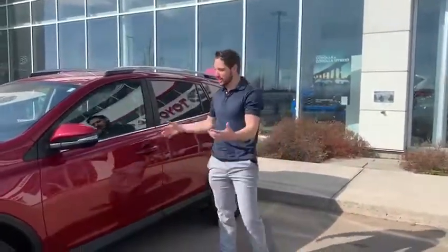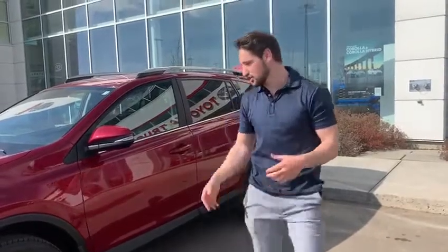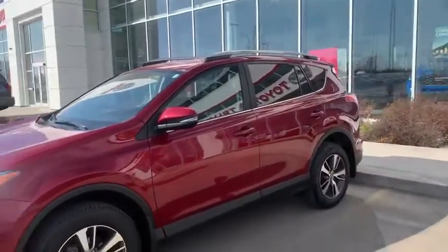What's going on guys? My name is Bobby. Today I'm going to showcase this 2018 RAV4 in a beautiful red color.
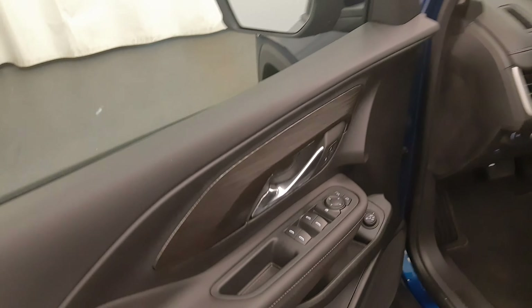Our interior color is black. Moving back out to the exterior, we have alloy wheels, rear parking assist, backup camera, remote trunk release, remote start, power hatch, and more cargo space.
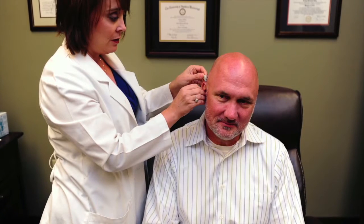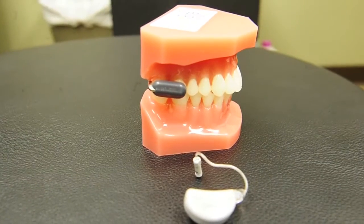It stimulates the good cochlea and the patient can hear. It's just been an amazing invention. We've had several fittings — about a couple of dozen — and every single patient that's been fit with this new device has just loved it.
* * * * * * * * *
> _PROBLEM DESCRIPTION_: Print the listing verbatim; no pictures.

> _SOLUTION TO THE EXERCISE_:
What's going on guys? My name is Bobby. Today I'm going to showcase this 2018 RAV4 in a beautiful red color.
Our interior color is black. Moving back out to the exterior, we have alloy wheels, rear parking assist, backup camera, remote trunk release, remote start, power hatch, and more cargo space.
It stimulates the good cochlea and the patient can hear. It's just been an amazing invention. We've had several fittings — about a couple of dozen — and every single patient that's been fit with this new device has just loved it.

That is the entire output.